For many months, Aifa had very little to say publicly about the higher educational standards demanded by the RDR. I have been to and spoken at several public meetings and conferences attended by leading Aifa members and this was never identified as a major issue.

Suddenly, having discovered that many IFAs, particularly those in their mid to late 50s, are unhappy over the demand that they must sit more exams, Aifa is now getting hot under the collar. Last week’s statement that “the FSA needs to reaffirm its RDR objectives, so that it can be held accountable for delivering them”, as Money Marketing’s Nicole Blackmore reports, is a sign of this.

So is its demand that “no good firm should be put out of business by arbitrary dates imposed by the regulator” or for work-based assessment and vocational training to be recognised as equivalent to qualifications. As I said last week, and as Alan Lakey himself is cleverly picking up on, there are two words that explain this turn of events.
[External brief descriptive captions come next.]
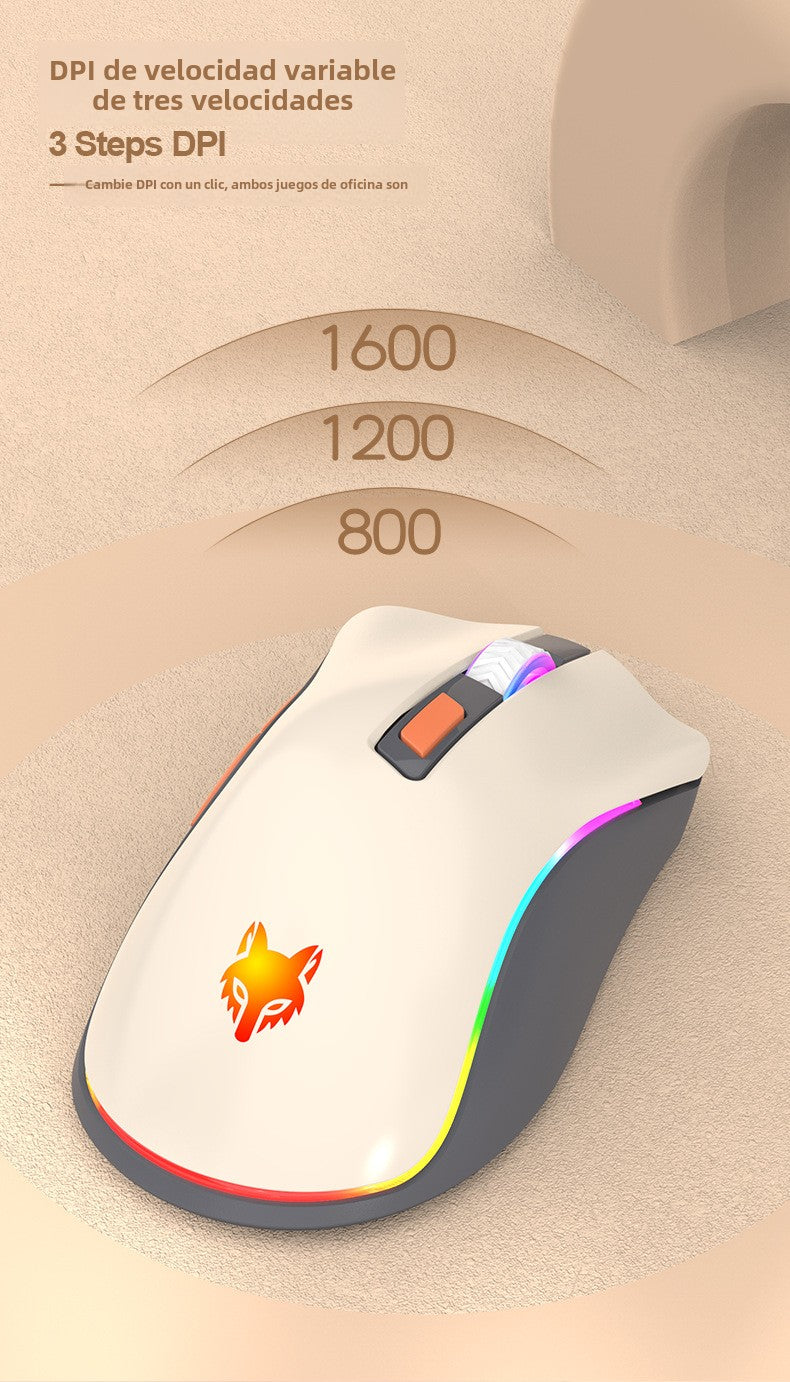 Ratón Inalámbrico Dual Modo 2.4G y Bluetooth XYH52: Recargable, Silencioso, Ideal para Oficina y Juegos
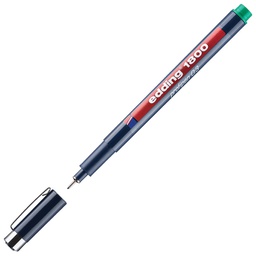 [000000598] Flomaster za tehničko crtanje profipen 0,3 mm Edding 1800 zeleni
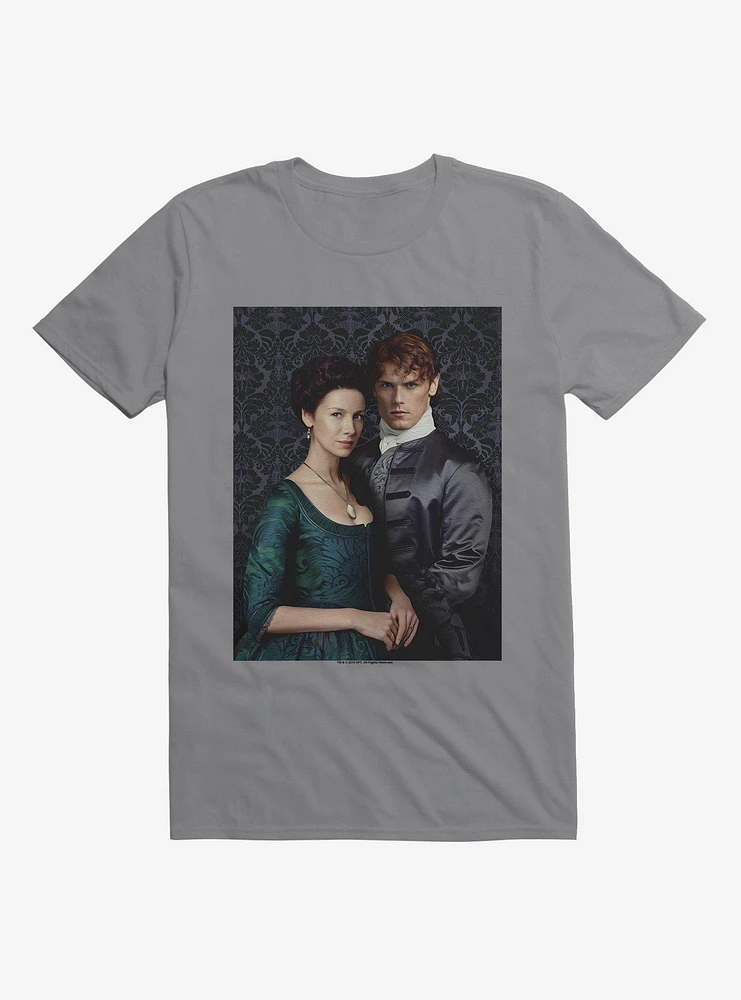 Outlander Jamie and Claire Portrait T-Shirt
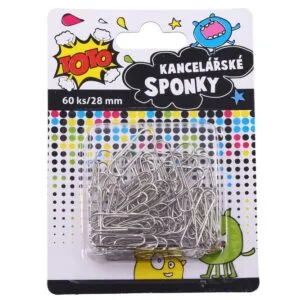 Sponka kancelářská 60 ks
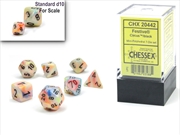 Buy Chessex Mini-Polyhedral 7-Die Set Festive Circus/Black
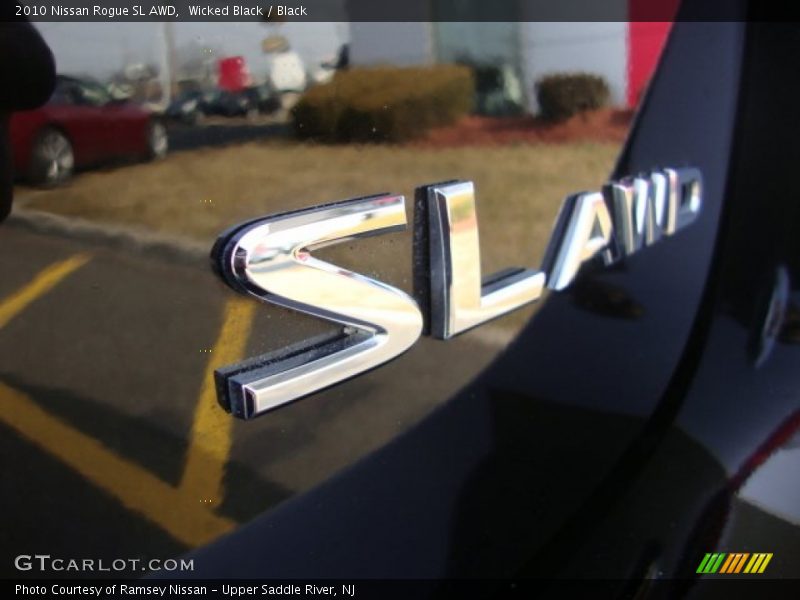 Wicked Black / Black 2010 Nissan Rogue SL AWD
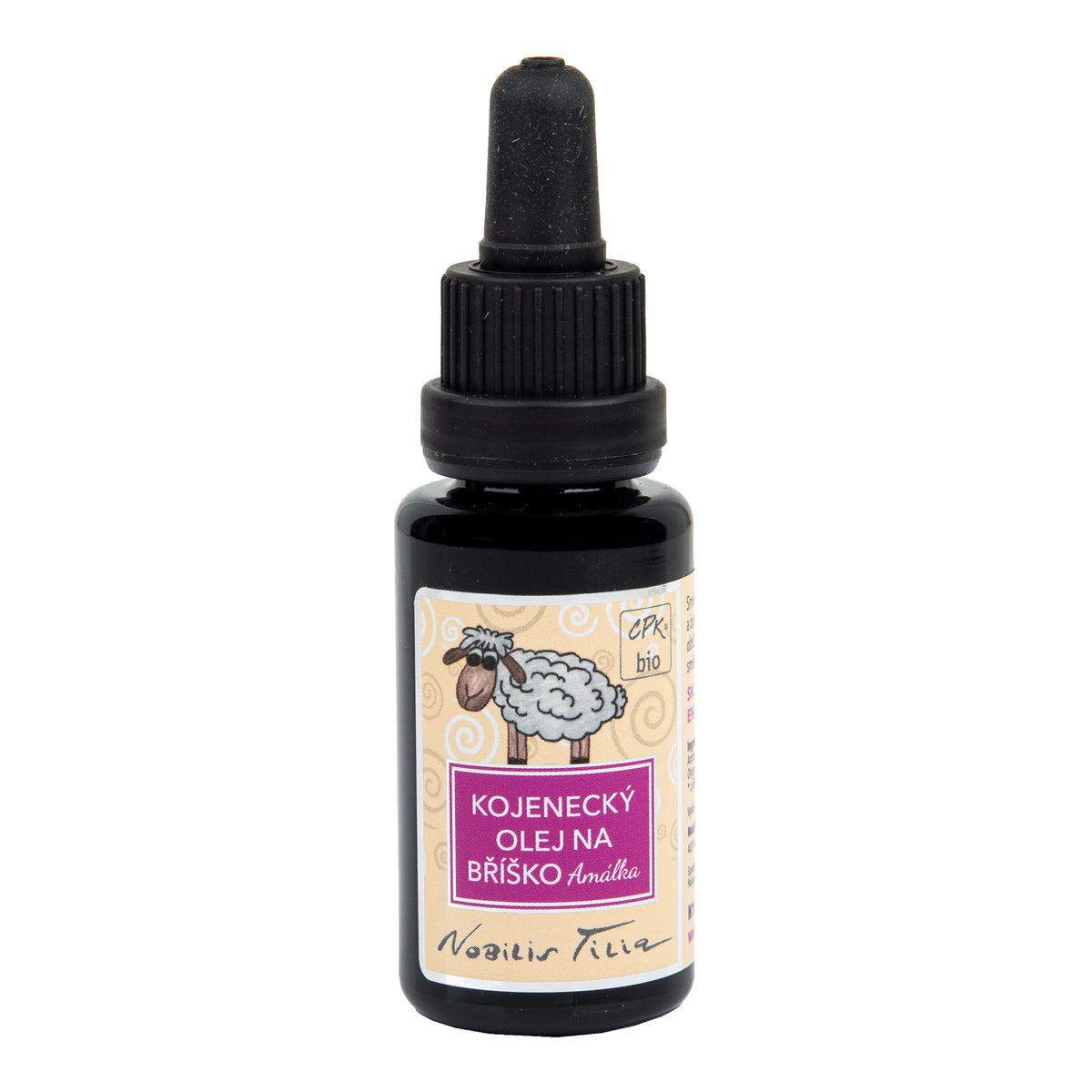 947045 Olej na bříško kojenecký Amálka 20 ml BIO NOBILIS TILIA-1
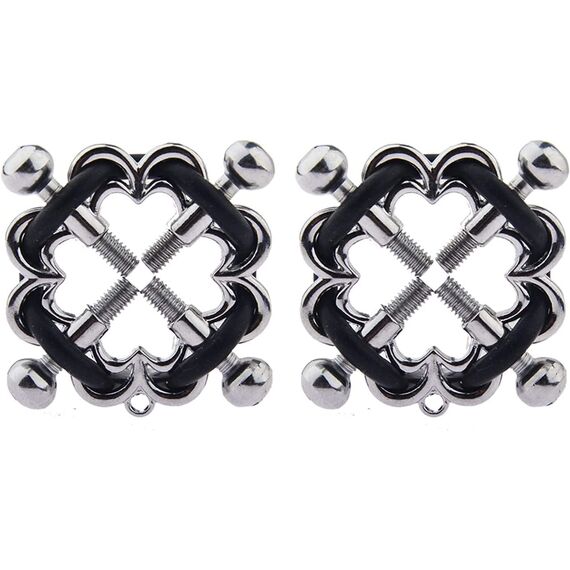 Hrekssi Elektrosex/E-Stim Kit, Nippelklemmen und Metall Analplug/Buttplug zur Elektrostimulation Reizstromgerät, Erotik Stromschlag Sexspielzeug für Frauen Männer Paare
They are “Adviser” and “Alliance”.

Similarly, it is interesting to see that, by contrast, in another section of the IFA trade body establishment, the silence on this last-minute opposition to the RDR’s higher qualifications’ initiative has been deafening.

I am referring here to the CII and the PFS. Again, both bodies might well claim they have in the past come out strongly in support of ratcheted-up professional qualifications for advisers and there is no need to do so again.
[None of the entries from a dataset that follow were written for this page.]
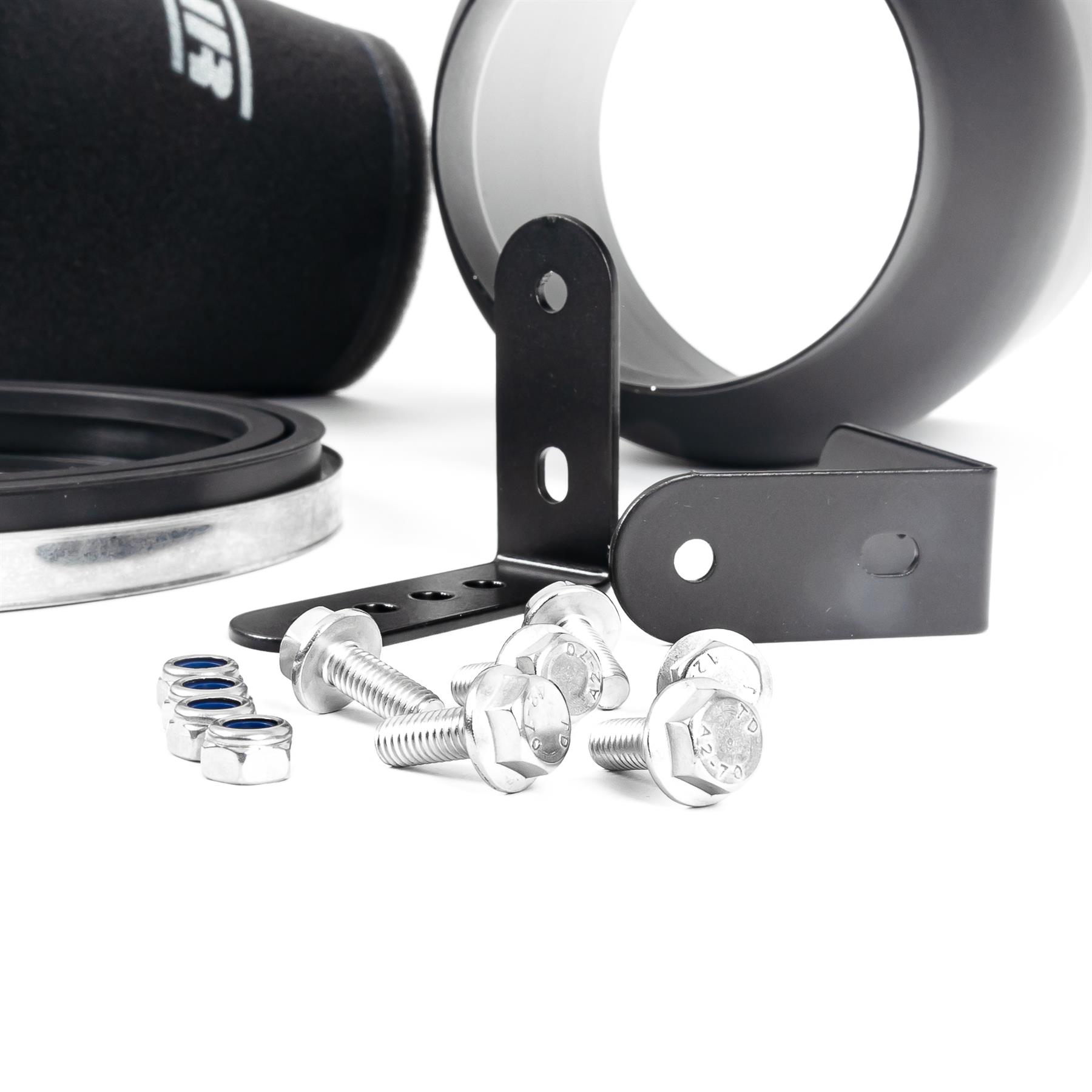ProMax Large Universal Foam 80mm Alloy Neck Air Filter in Enclosed Airbox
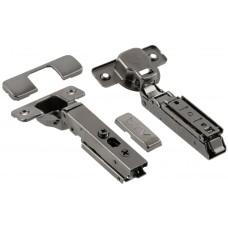 Петля GTV SOLID PRO BLACK накладна Гідравлічна + Пряма планка 3Д CLIPON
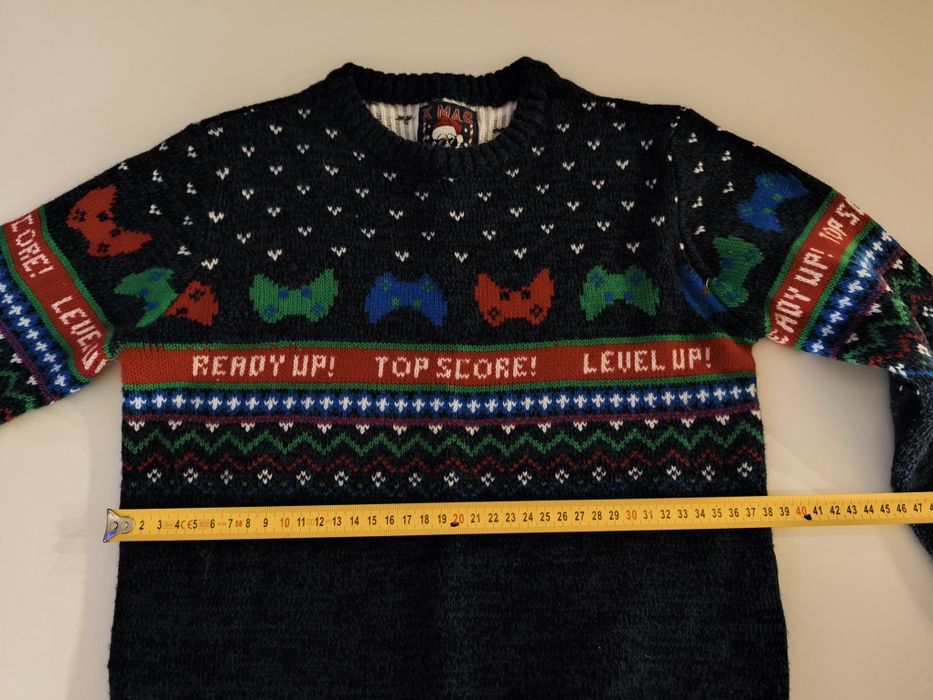 F&F Sweter świąteczny 140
Yet within the IFA trade press in particular but also on many websites, the debate over grandfathering and the deadline for reaching QCA level 4 has become intense in recent weeks. If so, the CII and PFS’s unwillingness to take part in a discussion in which they are uniquely qualified to contribute is telling.

It would be unfair for me to speak about the RDR without also pointing out one positive aspect of the whole process IFAs have been going through in the past two and a half years. For many, it has meant redefining what they do and how they do it.

In some cases, this follows many years of previous efforts to position themselves as highly professional client-centzred businesses. A classic example of this is Informed Choice chief executive Nick Bamford, whose firm has just launched the website uk, edited by his son Martin.

Nick’s proposition is simple: “…If some one wants to buy an Isa, a personal pension plan or a collective investment arrangement…advice is in the minority via the web but this is now beginning to change.

“So here is a view of one intermediary model…. It is a segmented offering where financial planning is provided either face to face or in comb-in- ation with an online approach. The firm then offers a website where the consumer at low cost, with whole of market choice can execute solutions identified for them.”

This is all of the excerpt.